3 Things You Need to Know to Get the Child Care Tax Credit

Date: Mar 24 2014

Filed under: Taxes, IRS, Tax Credits

Children (2-5) relaxing in classroom
Yellowdog Productions/Flickr

Child-care expenses can be a huge part of a family’s budget, especially for single parents or in households where both parents work. But the Internal Revenue Service helps millions of Americans by offering a credit to offset some of your child-care expenses in order to help you work.

Here are three things you need to know to claim the Child and Dependent Care Credit on your tax return.

How to Qualify for the Child and Dependent Care Credit

The rules are structured to make the credit available only in situations where the care is needed in order to help the claiming parent or parents work or look for work. For joint filers, both parents must have earned income from wages, salaries or other compensation, including self-employment. Full-time students are also treated as having earned income for purposes of claiming the credit.

Moreover, the care must be directly connected to allowing you to work, rather than off-hours babysitting for personal reasons. This requirement leads to some important distinctions, with one example being that the cost of summer day camps qualifies for the credit, but overnight camps don’t.

In most cases, children must be age 12 or younger to qualify for the credit. Certain exceptions exist for other individuals who aren’t able to care for themselves.

The credit also has a number of technical rules. For instance, in cases involving divorce, the custodial parent can take the credit, while noncustodial parents can’t, even if they would otherwise qualify to treat the child as a dependent.

How Much the Credit Can Pay You

The amount of the credit depends on two things: the number of qualifying children you have and your gross income. Those with one qualifying child can claim up to $3,000 per year toward determining the credit amount, while those with two or more qualifying children have a $6,000 annual limit.

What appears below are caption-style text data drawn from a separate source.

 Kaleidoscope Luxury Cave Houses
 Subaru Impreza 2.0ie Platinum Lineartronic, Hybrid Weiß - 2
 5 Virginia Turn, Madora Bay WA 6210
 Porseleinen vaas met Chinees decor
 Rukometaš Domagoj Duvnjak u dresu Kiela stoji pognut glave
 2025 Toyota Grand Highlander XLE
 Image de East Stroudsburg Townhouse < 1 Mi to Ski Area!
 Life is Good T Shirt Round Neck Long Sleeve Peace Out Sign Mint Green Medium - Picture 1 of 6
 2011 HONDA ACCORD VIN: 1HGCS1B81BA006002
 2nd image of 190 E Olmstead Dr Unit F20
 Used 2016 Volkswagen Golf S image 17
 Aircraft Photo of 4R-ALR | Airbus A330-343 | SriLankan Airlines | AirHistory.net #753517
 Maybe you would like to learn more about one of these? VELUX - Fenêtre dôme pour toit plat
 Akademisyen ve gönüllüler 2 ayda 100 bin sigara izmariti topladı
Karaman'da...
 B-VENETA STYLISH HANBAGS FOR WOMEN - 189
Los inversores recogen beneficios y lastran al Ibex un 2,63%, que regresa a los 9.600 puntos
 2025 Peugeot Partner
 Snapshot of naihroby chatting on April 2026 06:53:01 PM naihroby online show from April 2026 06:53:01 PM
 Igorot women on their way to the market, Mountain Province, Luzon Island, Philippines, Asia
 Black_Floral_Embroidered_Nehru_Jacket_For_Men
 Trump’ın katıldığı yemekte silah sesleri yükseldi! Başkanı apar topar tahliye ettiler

Calculating the credit requires taking your actual expenses or the maximum limit, whichever is less. For those with incomes of $15,000 or less, the credit is 35 percent of the child-care expenses, which comes out to a maximum of $1,050 for those with one qualifying child or $2,100 for those with two or more qualifying children. Above $15,000, the credit drops by 1 percentage point for every $2,000 of extra income, hitting a minimum of 20 percent for those who earn $43,000 or more in adjusted gross income.

In addition, if you get partial reimbursement of expenses from a state agency or other source, then you’re not entitled to take the credit on the reimbursed amount. Instead, you have to deduct the reimbursement and calculate the credit based on the net amount that you paid.

What Documentation You Should Get to Claim the Credit

In order to claim the credit, you need to fill out IRS Form 2441. On the form, you’ll need to provide the name, address and Social Security number or Employer Identification Number of the provider. By doing so, the IRS can match your claim against the records that some child-care organizations are required to provide. It can also check to make sure that whoever you pay to provide child-care services reports those payments as income and pays taxes.

There’s one exception for having to provide an Employer Identification Number. If a tax-exempt organization provides the care for your child, then you only need to write in “tax-exempt” in the box on Form 2441 that asks for an EIN.

For details, check out Publication 503 at the IRS website.